Assignment: Your answer must be the line containing "H&M Kloszowa spódnica" and each following line to the end of the listing below, copied exactly, with pictures removed and nothing added.

Given data:
————
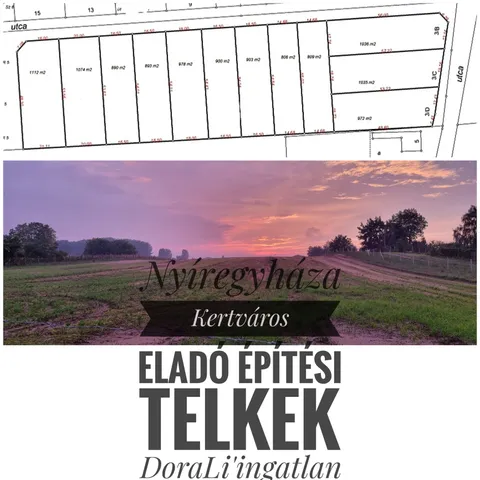 Eladó telek Nyíregyháza, Kertváros 1000 nm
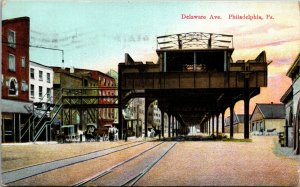 VINTAGE - Postcard Delaware Ave Philadelphia PA 1910 - RAILWAY RAILROAD DEPOT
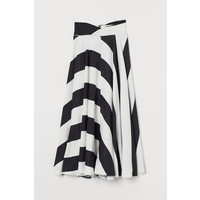 H&M Kloszowa spódnica 0849493001 Czarny/Białe paski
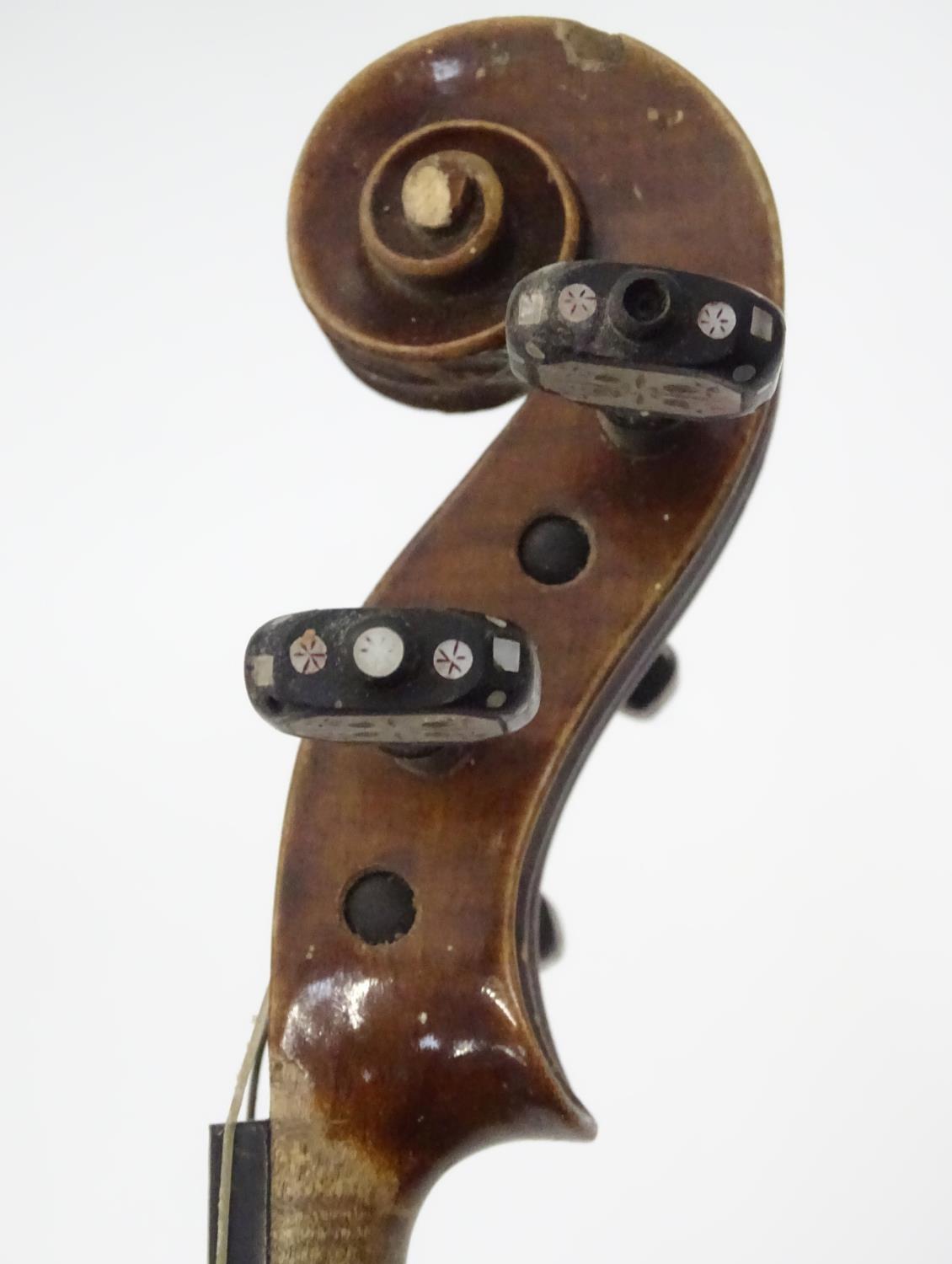 A late 19thC Continental violin with bow Please Note - we do not make reference to the condition - Image 5 of 11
————
Response for this exercise:
 H&M Kloszowa spódnica 0849493001 Czarny/Białe paski
 A late 19thC Continental violin with bow Please Note - we do not make reference to the condition - Image 5 of 11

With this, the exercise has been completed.